The grounds on which equitable relief from a judgment will be granted are thus set out in Bestatement of the Law of Judgments, § 121:

“Subject to general equitable considerations (see §§127-130), equitable relief from a valid judgment will be granted to a party to the action injured thereby if the judgment was based upon a fraudulent claim or defense which he did not contest because he was
“(a) fraudulently misled by the other party to the action to believe that he had no claim or defense, or
“(b) prevented by duress from contesting it. ’ ’
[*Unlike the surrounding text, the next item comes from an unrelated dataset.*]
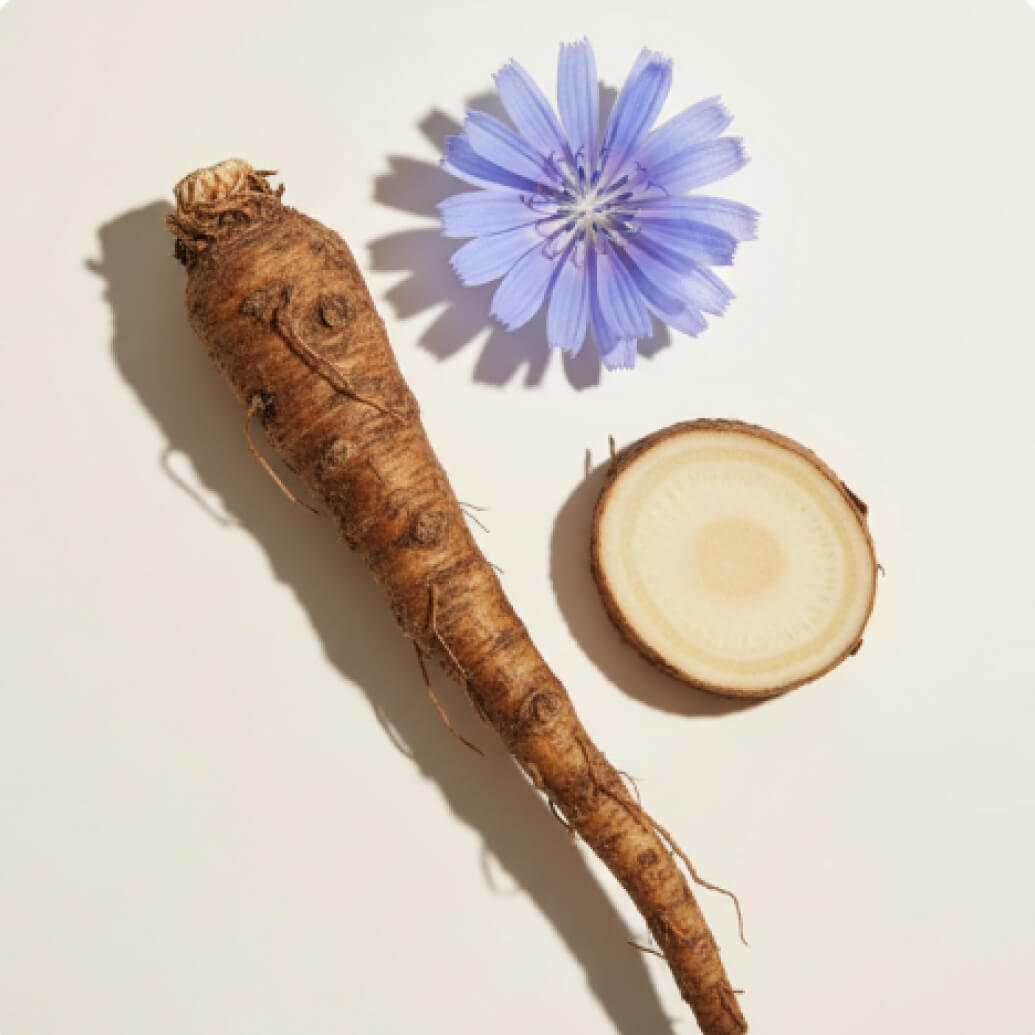 Chicory Inulin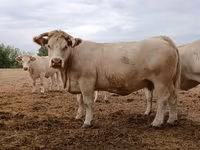 Vaca, Charolais cattle — foto 3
In the comments on clause (a) the following illustration is given:

“The fact that the other party was aware of the invalidity of his claim or defense is not of itself a sufficient basis for equitable relief against the effects of the judgment. To permit such relief, it is essential that there should be wrongful and misleading conduct. Such conduct ordinarily involves perjury and frequently involves the forgery of documents. It may, however, consist of pressing a claim known to be non-existent combined with suppressing facts solely and peculiarly within the knowledge of the person obtaining the judgment (see Illustration 3). As stated in §129, equitable relief is granted only where the deceived person had no reasonable means of information and where he could not have succeeded in obtaining the truth by the pursuit of such means of information as he had.”

This court has heretofore, in Hagey v. Massachusetts Bonding & Insurance Co., 169 Or. 132, at 156, 126 P. (2d) 836, 127 P. (2d) 346, approved what is said in §121, clause (a), which section, however, was there cited (prior to publication of the text quoted) as numbered 510, rather than 121. See also, Galbraith v. Barnard, 21 Or. 67, 26 P. 1110, and 3 Freeman on Judgments, Fifth Edition, §§ 1204, 1213 and 1214.
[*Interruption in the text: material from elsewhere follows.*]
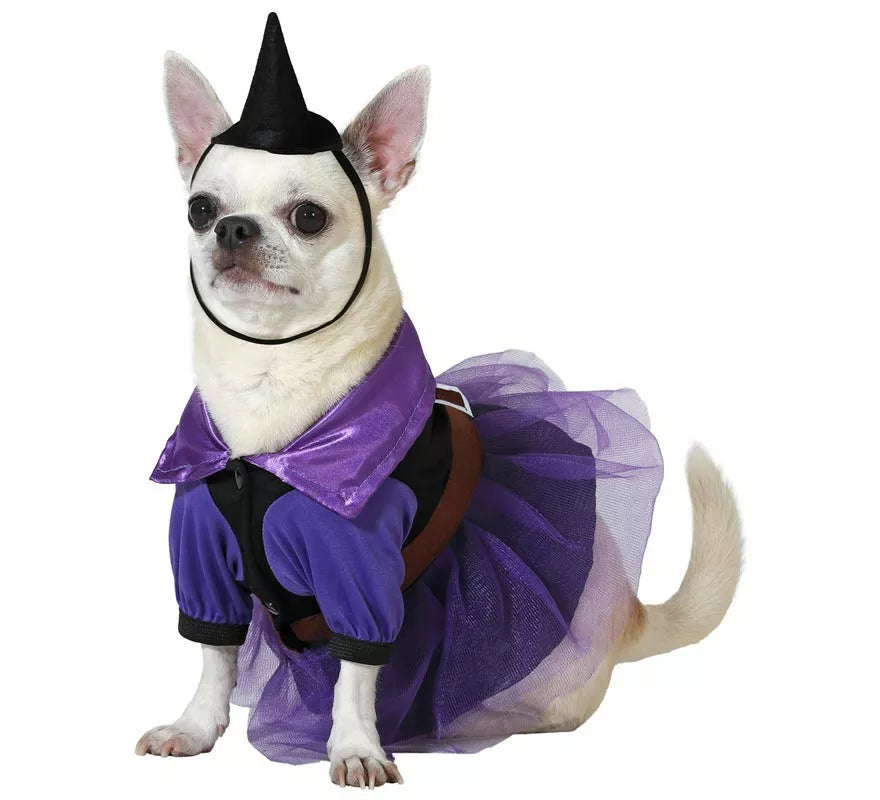 Translation missing: de.Disfraz de Bruja morada con sombrero para perro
When the plaintiffs herein were served with summons as defendants in the foreclosure proceedings they had actual notice that suit had been instituted against them by Eudolph Janesch as plaintiff and that if they failed to answer the complaint in that suit the plaintiff would apply to the court “for the relief demanded therein”: §1-603, O. C. L. A. They did not bothér, however, to ascertain the allegations contained in the complaint or the relief that Janesch was demanding. They assumed that because Janesch knew that they had not agreed to pay the mortgage and refused to do so he would not ask for personal judgment against them.

The plaintiffs do not claim that Janesch either before or after instituting the suit told them that he would not take a personal judgment against them. There is nothing in the pleadings to indicate that the plaintiffs herein were prevented by Janesch from appearing in the foreclosure suit and setting up any defense therein that they might have had. They were not fraudulently misled by Janesch or prevented by duress from contesting the suit. If judgments and decrees could be set aside on such slight showing as is here made, there would be no end' to litigation.

The decree appealed from is affirmed.